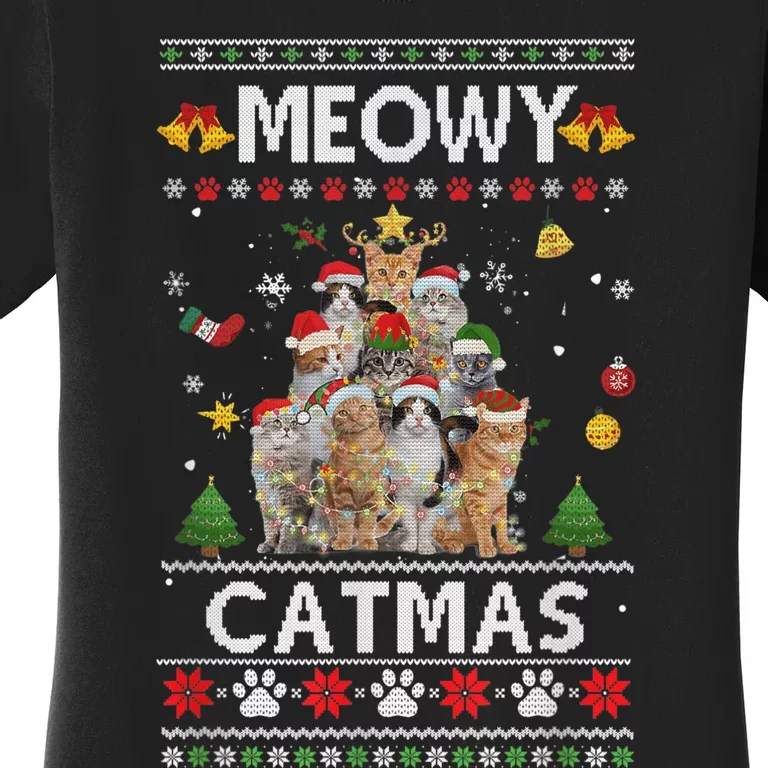 Meowy Catmas Ugly Christmas Tree Funny Xmas Cat Women's T-Shirt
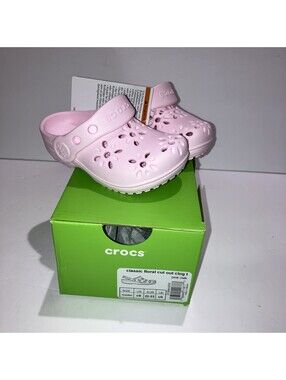 Crocs Classic Floral Cut Out Clog Kids 6 C Pink Milk Comfort Sandals NEW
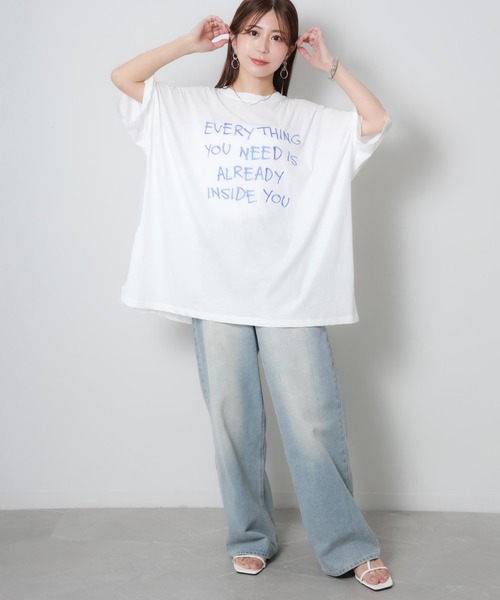 Riberry(リベリー)の「配色ロゴ刺繍シアーBIGTシャツ(Tシャツ/カットソー・レディース・ライトブルー/ブラック/グレー/オフホワイト・FREE)」の7枚目の写真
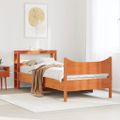 vidaXL Posteľný rám s čelom voskovo hnedý 75x190 cm borovicový masív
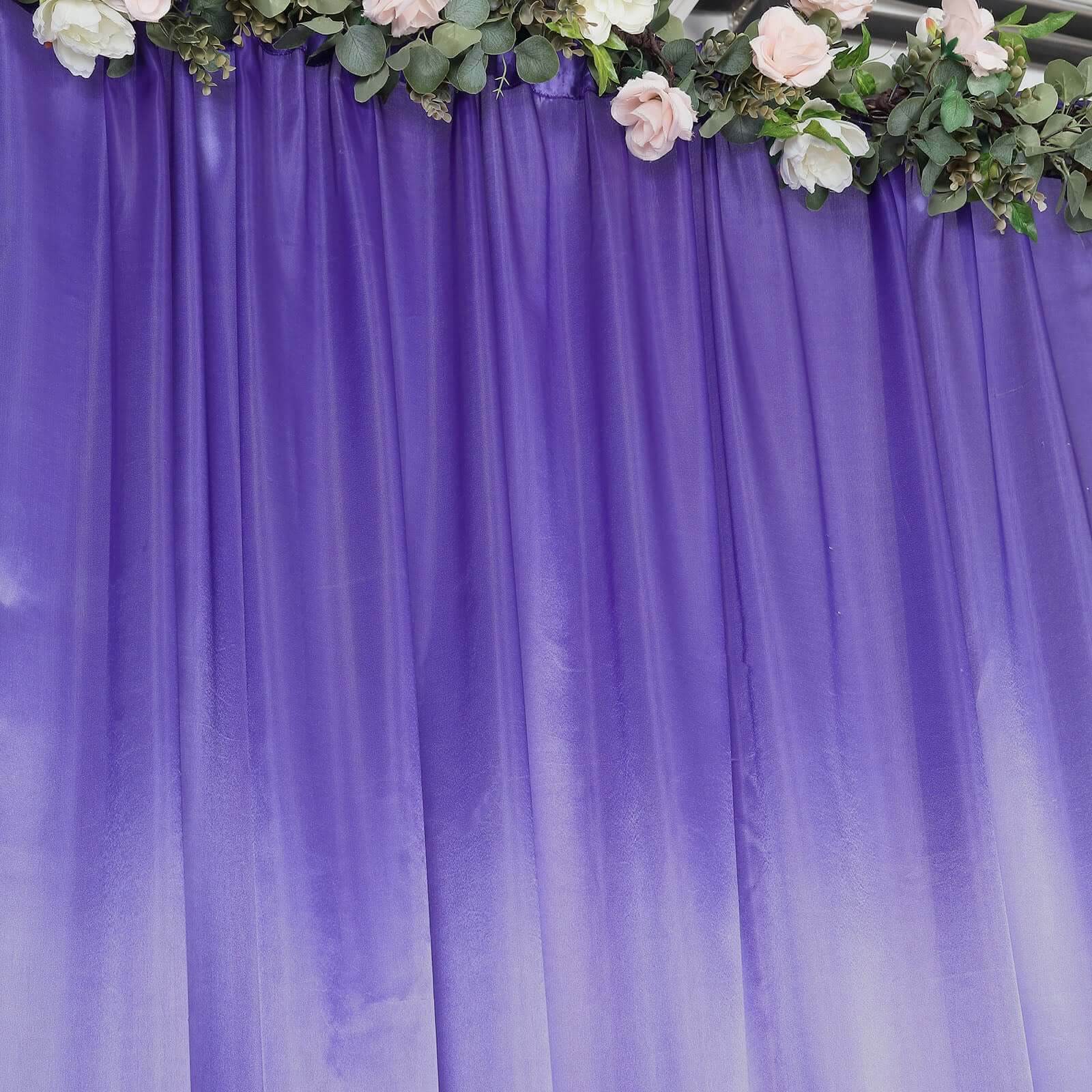 8ftx10ft Purple Satin Event Curtain Drapes, Backdrop Event Panel - Bell Racket Store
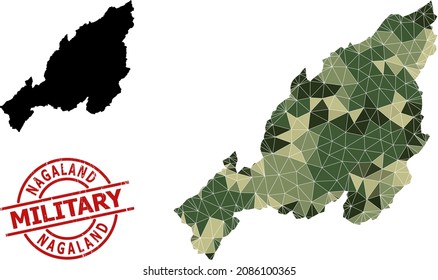 Low-Poly mosaic map of Nagaland State, and scratched military stamp imitation. Low-poly map of Nagaland State designed from chaotic camouflage filled triangles.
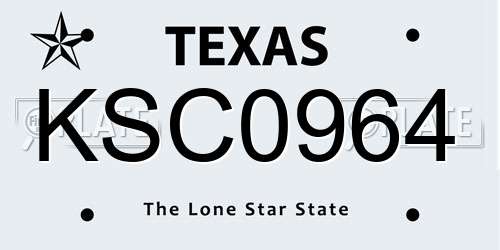 KSC0964 Texas License Plate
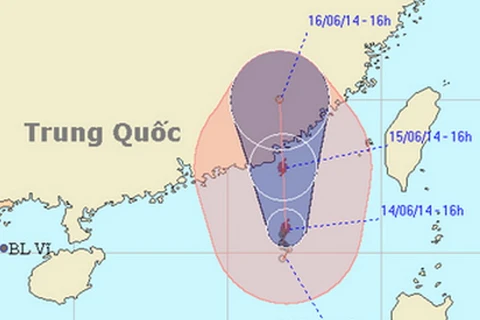 Dự báo đường đi và vị trí cơn bão. (Nguồn: nchmf.gov.vn)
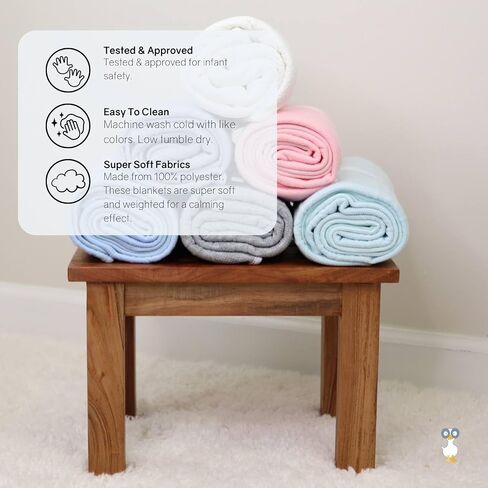 GooseWaddle Luxury Knit Baby Blanket (30"x40"), Premium Comfort from Ultra Soft Fabrics That Get Softer with Use, Perfect for Any Infant Nursery, Boy or Girl, Machine Washable (Blue) in Saudi Arabia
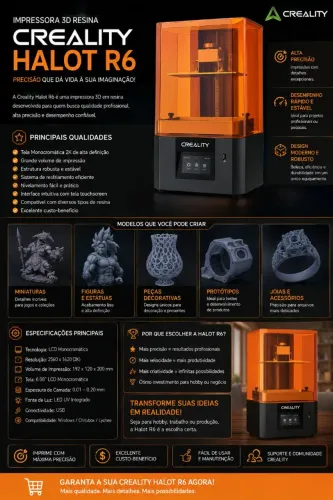 Creality Halot R6 - Impressora 3D de Resina | Excelente para Miniaturas e Peças Detalhadas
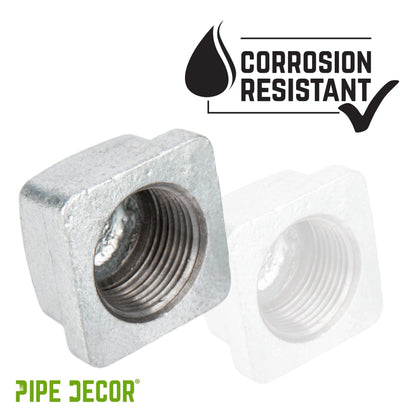 PIPE DECOR 1/2 in. galvanized iron square cap pipe fitting, view 7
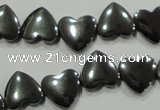 CHE263 Top-drilled 12*12mm heart hematite beads wholesale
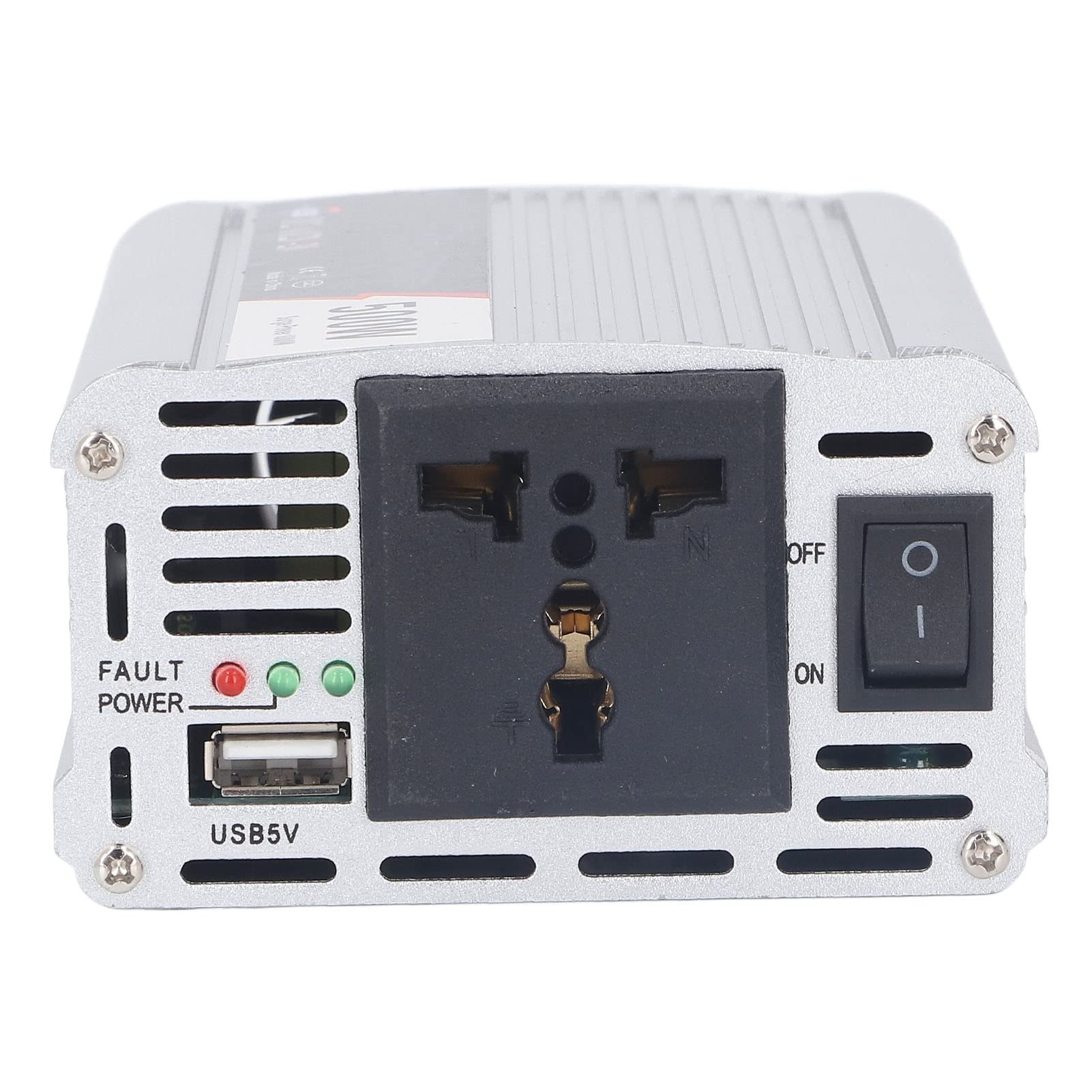 Fabater Inversor de Corriente para Automóvil, Inversor de Corriente de Onda Sinusoidal Corregida de Pico Continuo de 500 W, Convertidor de CC a CA con Toma de CA Universal y Salida USB de 5 V para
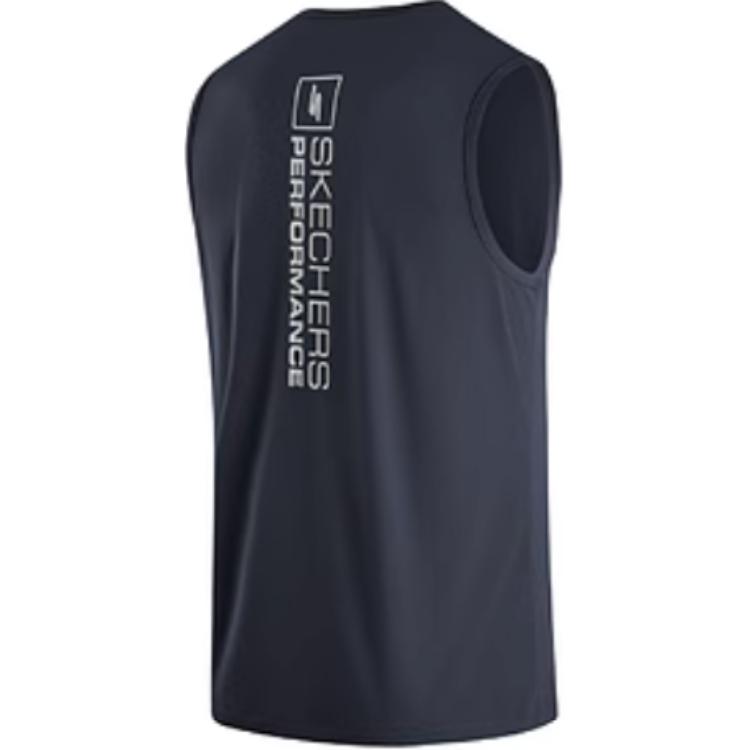 Skechers Round Neck Soft Breathable Sports Trend Knitted Sleeveless Vest Men Tops Odyssey-Gray P223M110-026R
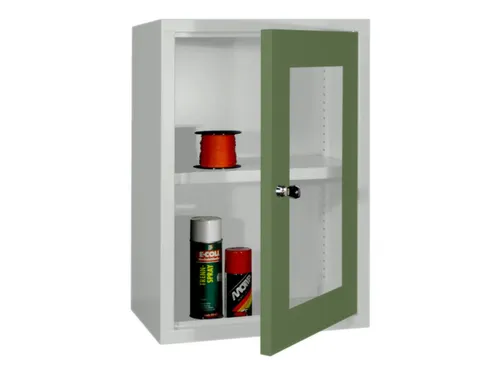 Hangkast 600x400x300mm Achterwand Glad Ral 7035 Front Ral 6011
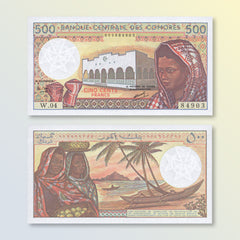 Comoros 500 Francs, 1994, B301c, P10b, UNC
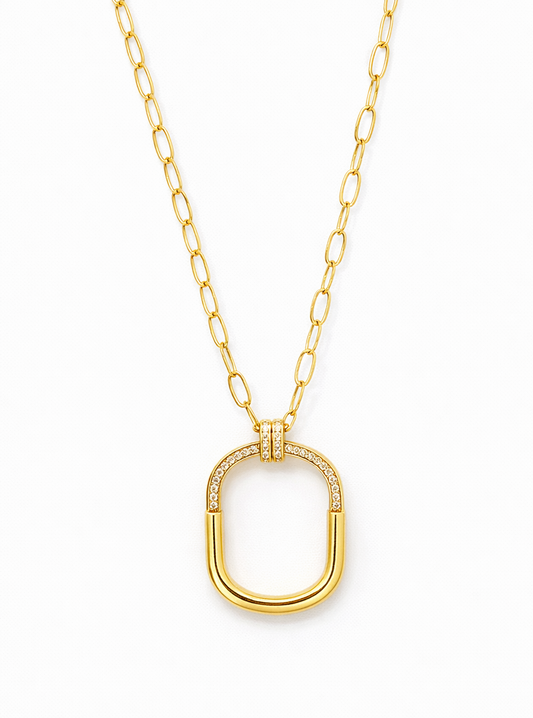 Chunky Oval Link Necklace Set with Zirconia Pendant and Huggie Earrings in Gold Tone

::::::::

* INSTRUCTIONS TO FOLLOW *
The reply should hold the lines from the top of the records through the line containing "8ftx10ft Purple Satin", reproduced exactly, and no pictures.

* SOLUTION TO THIS PROBLEM *
 Meowy Catmas Ugly Christmas Tree Funny Xmas Cat Women's T-Shirt
 Crocs Classic Floral Cut Out Clog Kids 6 C Pink Milk Comfort Sandals NEW
 Riberry(リベリー)の「配色ロゴ刺繍シアーBIGTシャツ(Tシャツ/カットソー・レディース・ライトブルー/ブラック/グレー/オフホワイト・FREE)」の7枚目の写真
 vidaXL Posteľný rám s čelom voskovo hnedý 75x190 cm borovicový masív
 8ftx10ft Purple Satin Event Curtain Drapes, Backdrop Event Panel - Bell Racket Store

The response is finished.